Beyond all that, it’s stupid as a strategic matter for
the White House to meddle in NYC given the GOP’s “bogeyman” spin on Mamdani. If
the plan to win the midterms involves letting Mayor Zohran ruin New York and
then using that ruination to scare swing voters about voting Democratic, then
you have to let him actually ruin New York. Trump bigfooting Mamdani
would absolve the new mayor of the city’s problems and might even create public
sympathy for him that he isn’t being allowed to do the job he won.
The great unifier?
There’s one more wrinkle to making Mamdani the GOP’s new
bogeyman. It’s hard to predict how the various factions of the right will react
to him gaining a national profile.
Presumably, he would be a great unifier, as there’s
something for every Republican to hate in Zohran-ism. Traditional conservatives
disdain his socialist economic policies, the anti-woke “woke right” disdains
his race and faith as fundamentally un-American, and everyone disdains the
“defund the police” cant he was
spouting until about five minutes before he announced his mayoral campaign.
But you never know anymore with the right. Like the man
who leads their movement, they’re full of surprises.
Conservatives won’t waver in their antipathy to Mamdani,
but postliberals will find things to like. For instance, Tucker Carlson and
Marjorie Taylor Greene were both impressed by
how he answered a question at a mayoral debate in June. When the candidates
were asked which country they’d like to visit, most said Israel—but not Zohran,
who preferred to stay home in New York and deal with his constituents’
problems.
That’s the right answer, Carlson and Greene agreed. Go
figure that two of the GOP’s most outspoken
critics of the
Jewish state might have a meeting of the minds with a left-wing Israel critic
who had to be browbeaten
into “discouraging” the phrase “globalize the intifada.”

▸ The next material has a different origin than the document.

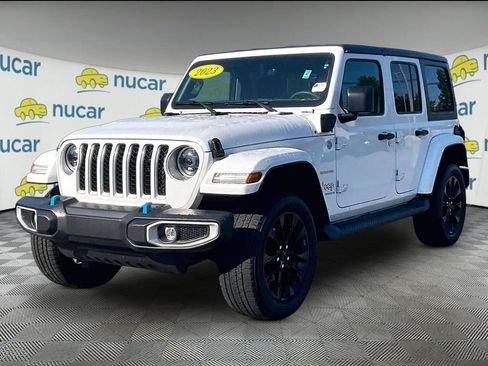 Used 2023 Jeep Wrangler Unlimited Sahara w/ Cold Weather Group AWD/4WD image 3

Right-wing populists in the mold of Greene and Steve
Bannon will also see common ground in Mamdani’s economic program insofar as
he’s all about spending taxpayer money on his less well-off constituents.
That’s “America First” in a nutshell, and Greene, at least, takes it seriously
enough to have broken with her party lately for betraying
the cause, even siding with Democrats on their shutdown demand to extend
subsidies for Americans with Obamacare insurance plans.
Conservatives and nationalists are headed
for war after Trump is gone, and one theater of that war will be the proper
role of the federal government in supporting Americans financially. If the GOP
intends to make Zohran Mamdani an archvillain of the midterms, why wouldn’t
Greene and Bannon seize an early opportunity to ask Republican voters to
consider that not all of Mamdani’s ideas are bad? Sure, he’s a brown-skinned
Muslim interloper—but we should be taxing the rich and redistributing
the revenue to working-class people.
This is a populist party, is it not?
There are scarier bogeymen than Zohran Mamdani in American politics right now, and practically every one that wields any real influence is on the right, not the left. It would be ironic if the GOP’s bid to Zohran-ize the midterms revealed that inadvertently.